Le he estado dando vueltas al tema y sospecho que esto tiene una explicación. Porque la vida en dos ciudades tan opuestas como Zamora y Madrid es muy distinta. En Zamora se vive sometido a otro ritmo. No parece que el tiempo transcurra ni parece que exista algo que pueda sacar a la gente de su letargo. Hasta que ocurre lo inesperado y pilla a sus habitantes desprevenidos: cuando hay tiroteos, asesinatos a sangre fría, persecuciones o accidentes que marcan a los ciudadanos. Es entonces cuando quienes viven allí se preguntan cómo ha ocurrido aquello, si nunca pasa nada. Nunca pasa nada: hasta que ocurre, que diría el otro. Esas cosas suceden, no salen sólo en los telediarios y en las películas. Zamora, sin embargo, se mueve a otro ritmo, casi podríamos afirmar que con lentitud, y ello desemboca en cierta monotonía. En las ciudades grandes, como Madrid, el asunto es muy distinto. Madrid es una ciudad tan enloquecida y sobrenatural que puede suceder cualquier cosa. Y sucede. Y te estalla en los morros, quieras o no quieras, te guste o no te guste, te lo propongas o no. Si uno ha vivido en mi ciudad, o todavía vive allí, existen dos maneras de reaccionar ante lo insólito: no creérselo; o asombrarse mucho. Lo primero es síntoma de algunos de sus habitantes. Lo segundo me ocurre a mí, que no logro quitarme la boina (y tampoco quiero). Quienes llevan más tiempo que yo viviendo en Madrid o Barcelona ya no se sorprenden. Es como aquella tarde en que, caminando junto a mis colegas, se cruzó por delante el mismísimo Willem Dafoe. A mí casi me da un ataque. Insistí en que era el actor. Y ellos lo comprobaron. Y dijeron: “Bueno, sí, ¿y qué?”.
Es la magia de Madrid. Su condición de hacha de doble filo: puede cruzarse en tu camino lo mejor, pero también lo peor. Las situaciones que he vivido aquí jamás pensé que podría vivirlas, que estaban destinadas a las novelas y a los noticiarios de países remotos. Sólo aquí pueden ocurrir estas historias que en este rincón o en mi blog voy contando. Que un tipo llame a mi timbre preguntando por Joaquín Sabina. Que atraviese la plaza próxima a mi calle y vea en un banco a David Trueba y a Ariadna Gil y me dirija al supermercado y esté allí, comprando, Marta Belaustegui. Que vea pasar a mi lado a Ian Gibson.
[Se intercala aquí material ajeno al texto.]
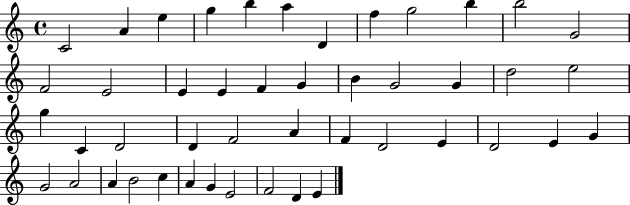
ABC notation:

X:1
T:Untitled
M:4/4
L:1/4
K:C
C2 A e g b a D f g2 b b2 G2 F2 E2 E E F G B G2 G d2 e2 g C D2 D F2 A F D2 E D2 E G G2 A2 A B2 c A G E2 F2 D E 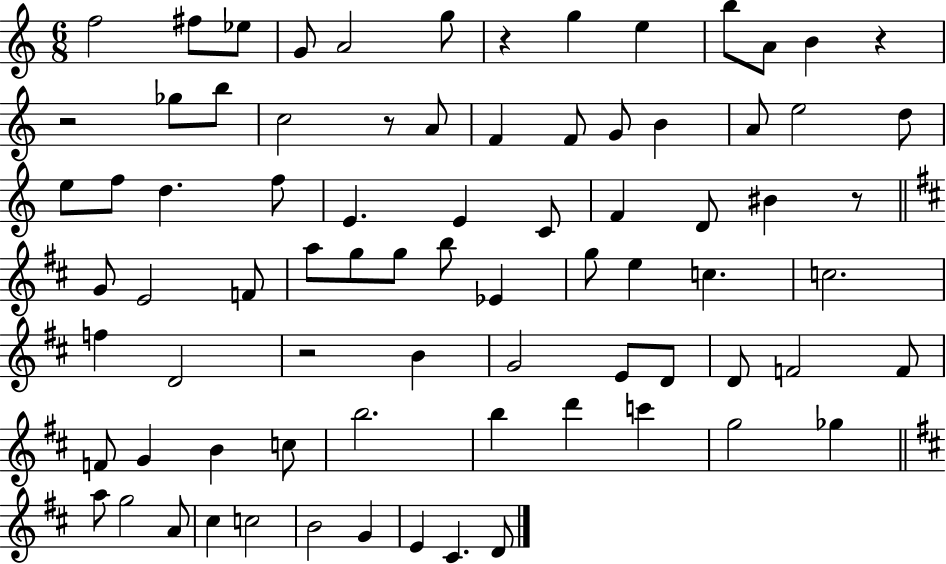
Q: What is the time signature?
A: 6/8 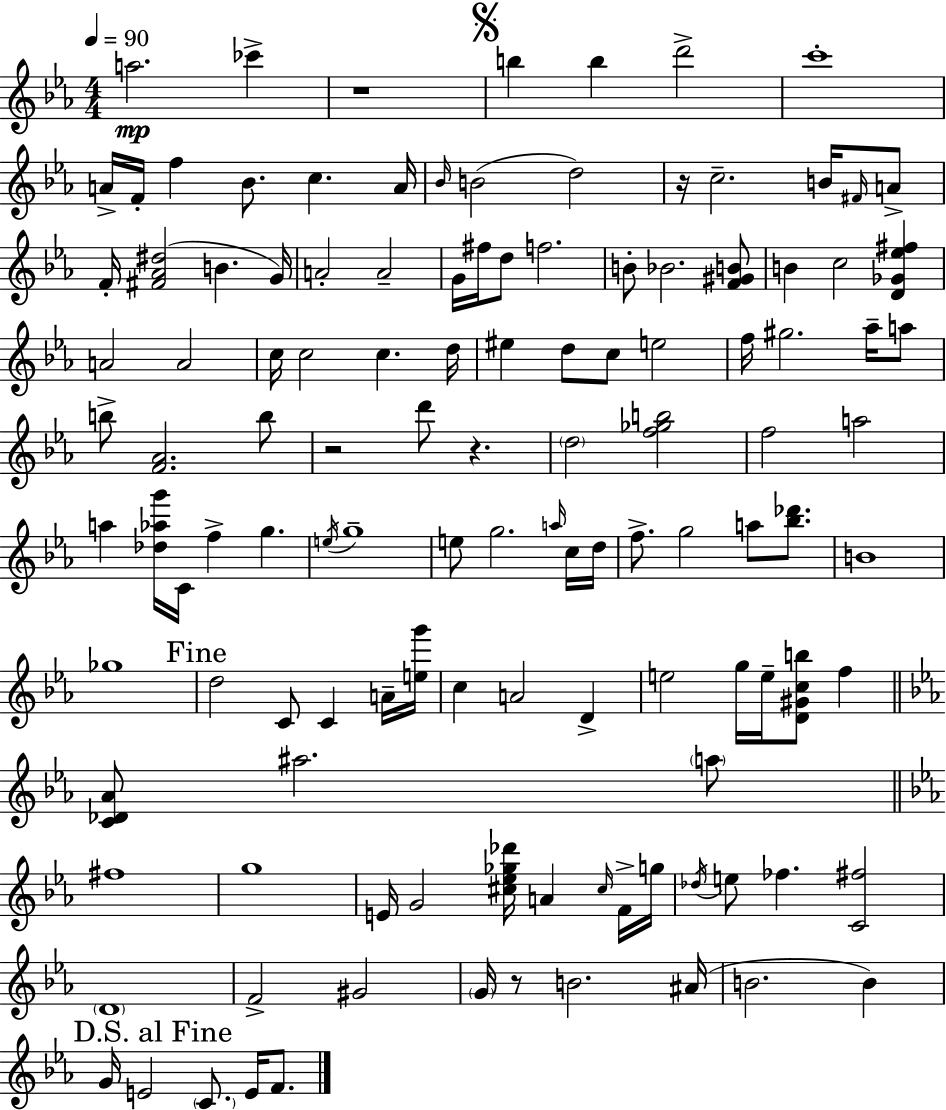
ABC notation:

X:1
T:Untitled
M:4/4
L:1/4
K:Cm
a2 _c' z4 b b d'2 c'4 A/4 F/4 f _B/2 c A/4 _B/4 B2 d2 z/4 c2 B/4 ^F/4 A/2 F/4 [^F_A^d]2 B G/4 A2 A2 G/4 ^f/4 d/2 f2 B/2 _B2 [F^GB]/2 B c2 [D_G_e^f] A2 A2 c/4 c2 c d/4 ^e d/2 c/2 e2 f/4 ^g2 _a/4 a/2 b/2 [F_A]2 b/2 z2 d'/2 z d2 [f_gb]2 f2 a2 a [_d_ag']/4 C/4 f g e/4 g4 e/2 g2 a/4 c/4 d/4 f/2 g2 a/2 [_b_d']/2 B4 _g4 d2 C/2 C A/4 [eg']/4 c A2 D e2 g/4 e/4 [D^Gcb]/2 f [C_D_A]/2 ^a2 a/2 ^f4 g4 E/4 G2 [^c_e_g_d']/4 A ^c/4 F/4 g/4 _d/4 e/2 _f [C^f]2 D4 F2 ^G2 G/4 z/2 B2 ^A/4 B2 B G/4 E2 C/2 E/4 F/2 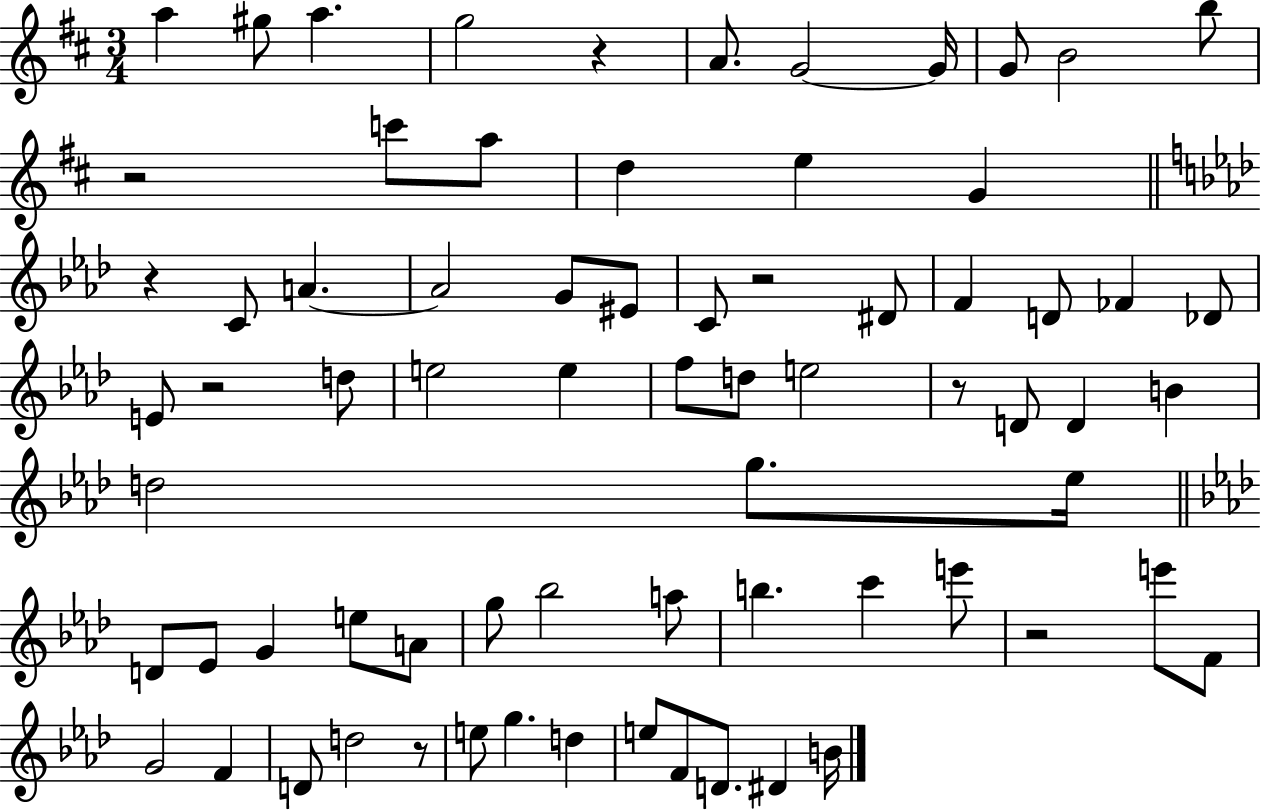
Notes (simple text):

A5/q G#5/e A5/q. G5/h R/q A4/e. G4/h G4/s G4/e B4/h B5/e R/h C6/e A5/e D5/q E5/q G4/q R/q C4/e A4/q. A4/h G4/e EIS4/e C4/e R/h D#4/e F4/q D4/e FES4/q Db4/e E4/e R/h D5/e E5/h E5/q F5/e D5/e E5/h R/e D4/e D4/q B4/q D5/h G5/e. Eb5/s D4/e Eb4/e G4/q E5/e A4/e G5/e Bb5/h A5/e B5/q. C6/q E6/e R/h E6/e F4/e G4/h F4/q D4/e D5/h R/e E5/e G5/q. D5/q E5/e F4/e D4/e. D#4/q B4/s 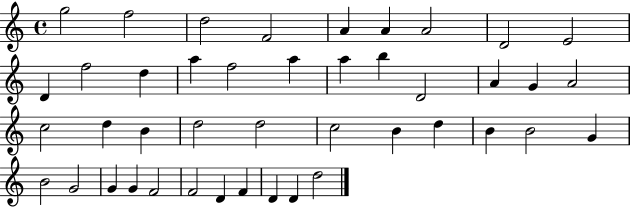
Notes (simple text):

G5/h F5/h D5/h F4/h A4/q A4/q A4/h D4/h E4/h D4/q F5/h D5/q A5/q F5/h A5/q A5/q B5/q D4/h A4/q G4/q A4/h C5/h D5/q B4/q D5/h D5/h C5/h B4/q D5/q B4/q B4/h G4/q B4/h G4/h G4/q G4/q F4/h F4/h D4/q F4/q D4/q D4/q D5/h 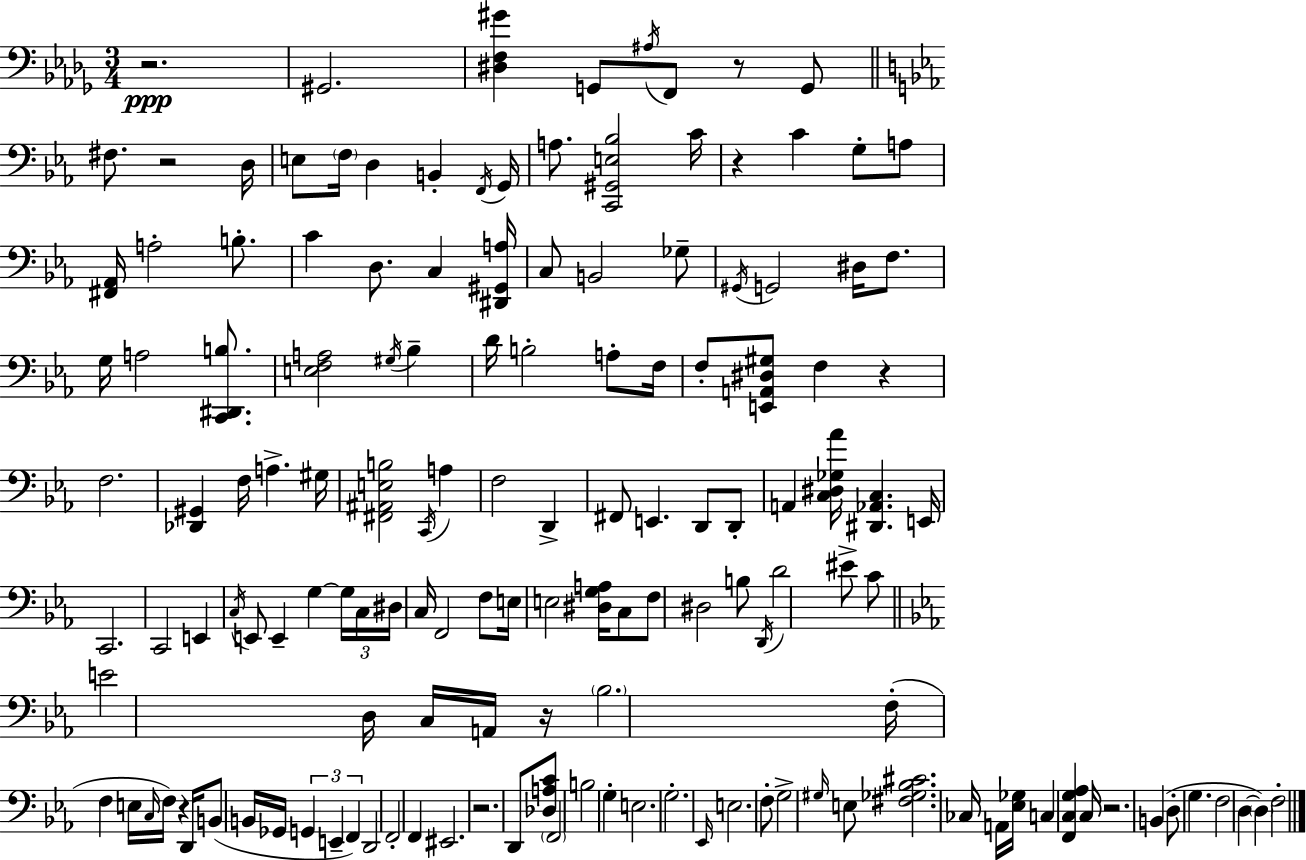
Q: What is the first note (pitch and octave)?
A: G#2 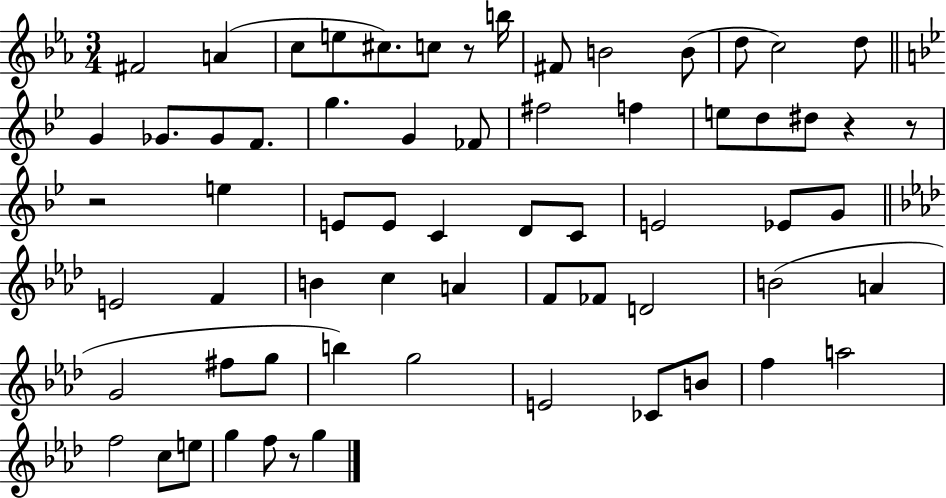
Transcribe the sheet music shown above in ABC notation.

X:1
T:Untitled
M:3/4
L:1/4
K:Eb
^F2 A c/2 e/2 ^c/2 c/2 z/2 b/4 ^F/2 B2 B/2 d/2 c2 d/2 G _G/2 _G/2 F/2 g G _F/2 ^f2 f e/2 d/2 ^d/2 z z/2 z2 e E/2 E/2 C D/2 C/2 E2 _E/2 G/2 E2 F B c A F/2 _F/2 D2 B2 A G2 ^f/2 g/2 b g2 E2 _C/2 B/2 f a2 f2 c/2 e/2 g f/2 z/2 g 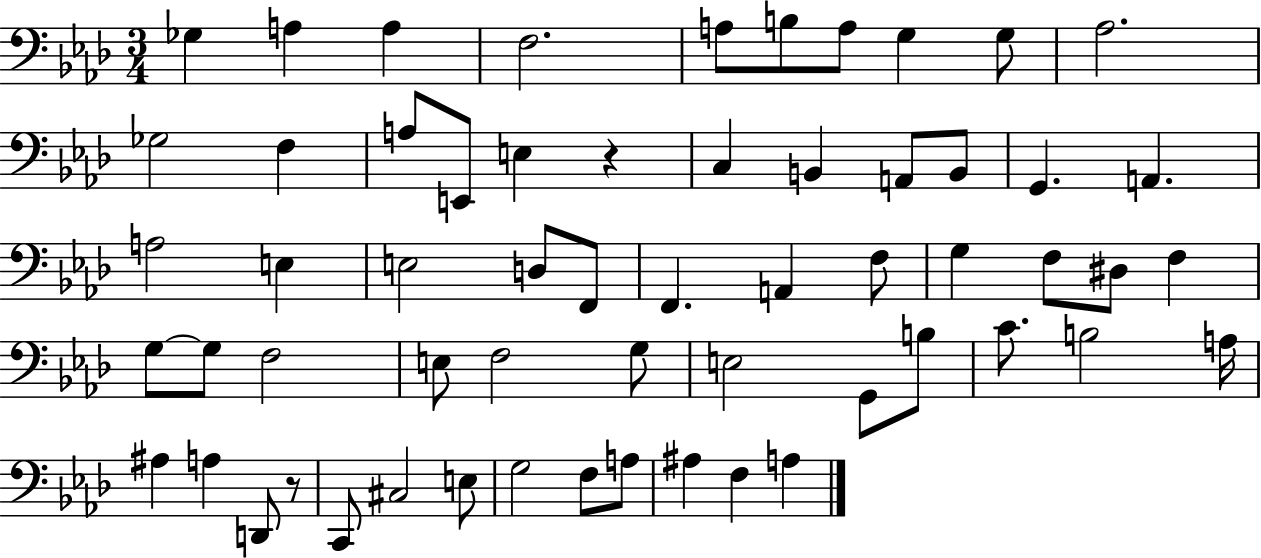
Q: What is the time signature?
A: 3/4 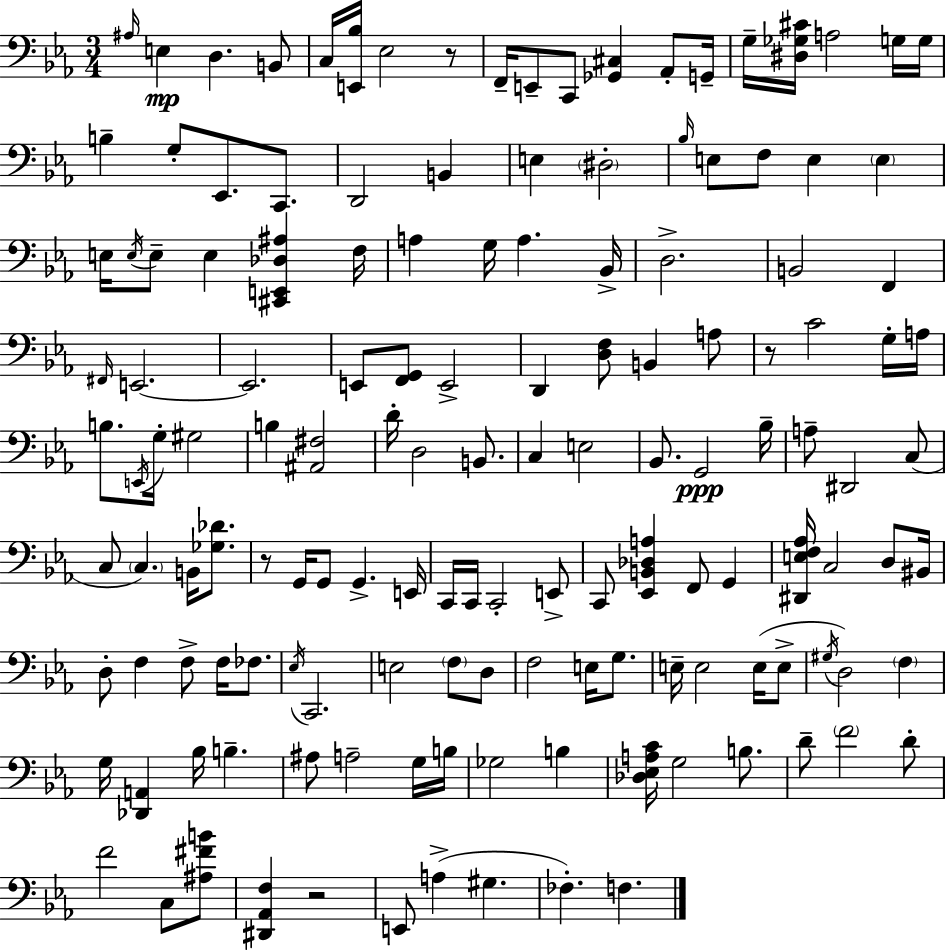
A#3/s E3/q D3/q. B2/e C3/s [E2,Bb3]/s Eb3/h R/e F2/s E2/e C2/e [Gb2,C#3]/q Ab2/e G2/s G3/s [D#3,Gb3,C#4]/s A3/h G3/s G3/s B3/q G3/e Eb2/e. C2/e. D2/h B2/q E3/q D#3/h Bb3/s E3/e F3/e E3/q E3/q E3/s E3/s E3/e E3/q [C#2,E2,Db3,A#3]/q F3/s A3/q G3/s A3/q. Bb2/s D3/h. B2/h F2/q F#2/s E2/h. E2/h. E2/e [F2,G2]/e E2/h D2/q [D3,F3]/e B2/q A3/e R/e C4/h G3/s A3/s B3/e. E2/s G3/s G#3/h B3/q [A#2,F#3]/h D4/s D3/h B2/e. C3/q E3/h Bb2/e. G2/h Bb3/s A3/e D#2/h C3/e C3/e C3/q. B2/s [Gb3,Db4]/e. R/e G2/s G2/e G2/q. E2/s C2/s C2/s C2/h E2/e C2/e [Eb2,B2,Db3,A3]/q F2/e G2/q [D#2,E3,F3,Ab3]/s C3/h D3/e BIS2/s D3/e F3/q F3/e F3/s FES3/e. Eb3/s C2/h. E3/h F3/e D3/e F3/h E3/s G3/e. E3/s E3/h E3/s E3/e G#3/s D3/h F3/q G3/s [Db2,A2]/q Bb3/s B3/q. A#3/e A3/h G3/s B3/s Gb3/h B3/q [Db3,Eb3,A3,C4]/s G3/h B3/e. D4/e F4/h D4/e F4/h C3/e [A#3,F#4,B4]/e [D#2,Ab2,F3]/q R/h E2/e A3/q G#3/q. FES3/q. F3/q. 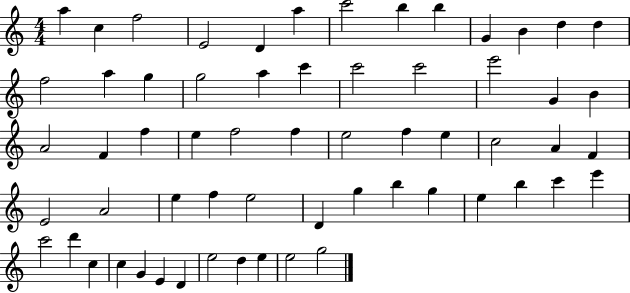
A5/q C5/q F5/h E4/h D4/q A5/q C6/h B5/q B5/q G4/q B4/q D5/q D5/q F5/h A5/q G5/q G5/h A5/q C6/q C6/h C6/h E6/h G4/q B4/q A4/h F4/q F5/q E5/q F5/h F5/q E5/h F5/q E5/q C5/h A4/q F4/q E4/h A4/h E5/q F5/q E5/h D4/q G5/q B5/q G5/q E5/q B5/q C6/q E6/q C6/h D6/q C5/q C5/q G4/q E4/q D4/q E5/h D5/q E5/q E5/h G5/h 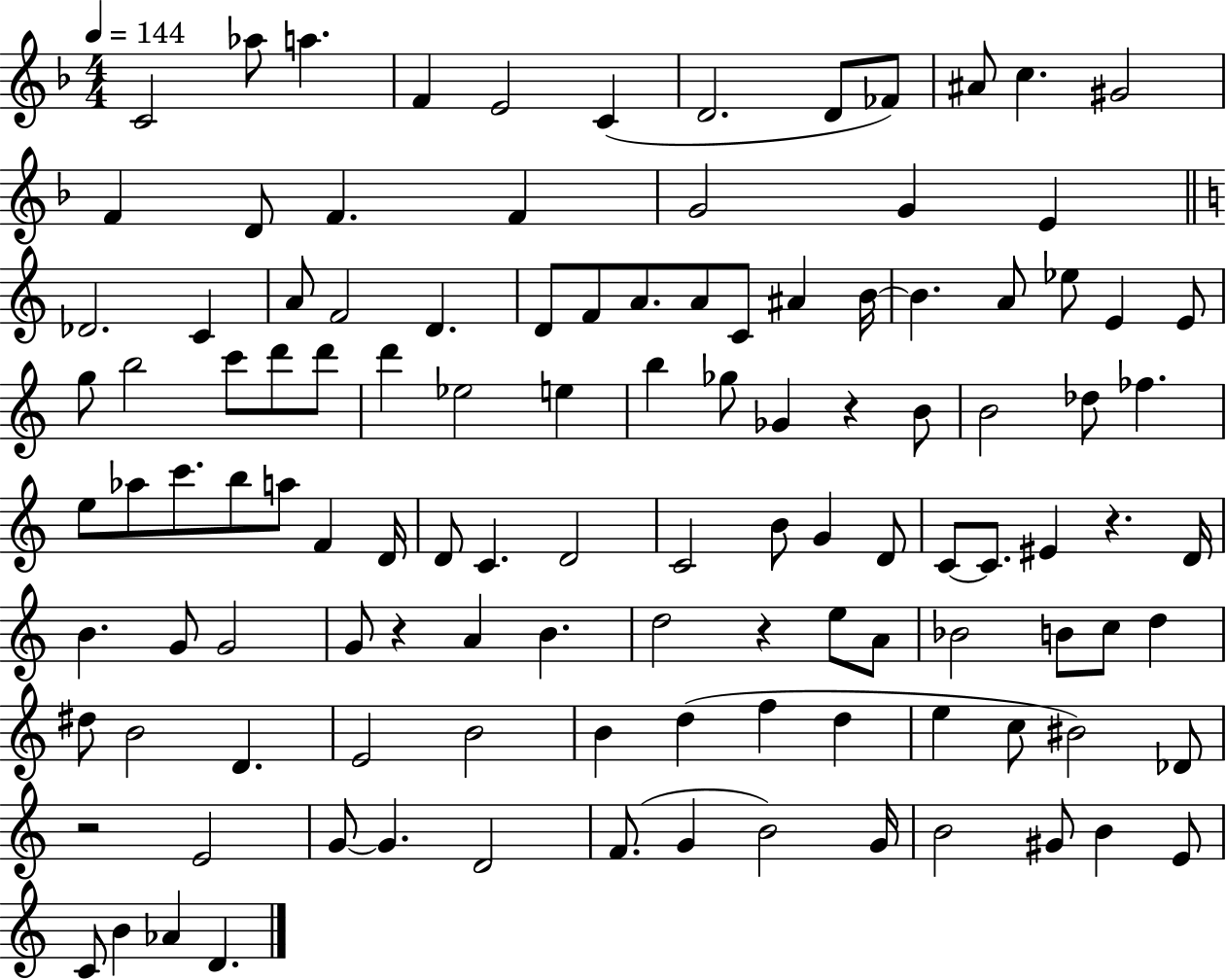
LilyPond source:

{
  \clef treble
  \numericTimeSignature
  \time 4/4
  \key f \major
  \tempo 4 = 144
  c'2 aes''8 a''4. | f'4 e'2 c'4( | d'2. d'8 fes'8) | ais'8 c''4. gis'2 | \break f'4 d'8 f'4. f'4 | g'2 g'4 e'4 | \bar "||" \break \key a \minor des'2. c'4 | a'8 f'2 d'4. | d'8 f'8 a'8. a'8 c'8 ais'4 b'16~~ | b'4. a'8 ees''8 e'4 e'8 | \break g''8 b''2 c'''8 d'''8 d'''8 | d'''4 ees''2 e''4 | b''4 ges''8 ges'4 r4 b'8 | b'2 des''8 fes''4. | \break e''8 aes''8 c'''8. b''8 a''8 f'4 d'16 | d'8 c'4. d'2 | c'2 b'8 g'4 d'8 | c'8~~ c'8. eis'4 r4. d'16 | \break b'4. g'8 g'2 | g'8 r4 a'4 b'4. | d''2 r4 e''8 a'8 | bes'2 b'8 c''8 d''4 | \break dis''8 b'2 d'4. | e'2 b'2 | b'4 d''4( f''4 d''4 | e''4 c''8 bis'2) des'8 | \break r2 e'2 | g'8~~ g'4. d'2 | f'8.( g'4 b'2) g'16 | b'2 gis'8 b'4 e'8 | \break c'8 b'4 aes'4 d'4. | \bar "|."
}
Que vaya al cine y en la cola, detrás de mí, o luego en la fila de atrás, estén algunos de los actores españoles que admiro. Sólo aquí puede suceder que venga mi madre de visita y ese día veamos desde el balcón una reyerta multitudinaria en la que un tipo empuña un machete. Que camine por ahí y me encuentre sin saberlo con una batalla de cascotes entre fascistas y antifascistas, con los antidisturbios en medio. Que oiga jaleo junto al portal y la secreta esté bregando con un camello. Que baje a comprar el pan y me encuentre con Fele Martínez. Que un extraño viva en nuestro edificio, escondiéndose por las noches en las escaleras de acceso a la terraza. Que un traficante me ofrezca hachís, speed y una pistola. Y mil historias más. Yo me asombro, mis amigos no se extrañan y algunos en Zamora no se las creen.